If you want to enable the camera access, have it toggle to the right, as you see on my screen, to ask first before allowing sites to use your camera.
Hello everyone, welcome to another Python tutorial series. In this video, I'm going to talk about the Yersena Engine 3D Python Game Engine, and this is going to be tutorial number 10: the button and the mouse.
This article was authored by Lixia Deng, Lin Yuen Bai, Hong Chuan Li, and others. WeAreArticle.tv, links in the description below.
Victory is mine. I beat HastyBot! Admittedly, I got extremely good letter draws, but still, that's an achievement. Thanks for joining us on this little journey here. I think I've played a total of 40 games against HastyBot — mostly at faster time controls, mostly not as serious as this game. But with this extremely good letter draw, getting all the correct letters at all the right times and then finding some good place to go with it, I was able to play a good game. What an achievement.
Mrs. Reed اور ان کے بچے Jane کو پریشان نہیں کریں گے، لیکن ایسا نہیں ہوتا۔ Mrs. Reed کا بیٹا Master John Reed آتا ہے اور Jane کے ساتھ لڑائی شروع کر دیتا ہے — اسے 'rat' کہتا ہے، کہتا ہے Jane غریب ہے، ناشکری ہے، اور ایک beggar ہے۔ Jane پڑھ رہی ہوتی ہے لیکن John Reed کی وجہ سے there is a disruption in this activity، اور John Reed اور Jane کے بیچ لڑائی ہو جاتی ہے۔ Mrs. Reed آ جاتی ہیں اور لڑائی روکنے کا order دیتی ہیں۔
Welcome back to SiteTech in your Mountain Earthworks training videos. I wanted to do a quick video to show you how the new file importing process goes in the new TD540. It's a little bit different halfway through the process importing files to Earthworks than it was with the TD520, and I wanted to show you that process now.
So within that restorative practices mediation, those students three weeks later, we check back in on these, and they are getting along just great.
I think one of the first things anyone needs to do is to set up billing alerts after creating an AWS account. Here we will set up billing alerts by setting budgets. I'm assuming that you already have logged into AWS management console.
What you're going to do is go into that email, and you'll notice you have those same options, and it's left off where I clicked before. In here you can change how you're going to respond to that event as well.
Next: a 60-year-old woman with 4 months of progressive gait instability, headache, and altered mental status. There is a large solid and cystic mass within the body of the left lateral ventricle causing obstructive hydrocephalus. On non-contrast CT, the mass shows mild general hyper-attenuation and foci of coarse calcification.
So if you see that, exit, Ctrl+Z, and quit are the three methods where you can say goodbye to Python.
* * * * * * * * *
> _REQUIRED ACTION_
Reproduce only the lines from the top of the material through the one bearing "Hello everyone, welcome", each exactly as it stands.

> _YOUR SOLUTION_
If you want to enable the camera access, have it toggle to the right, as you see on my screen, to ask first before allowing sites to use your camera.
Hello everyone, welcome to another Python tutorial series. In this video, I'm going to talk about the Yersena Engine 3D Python Game Engine, and this is going to be tutorial number 10: the button and the mouse.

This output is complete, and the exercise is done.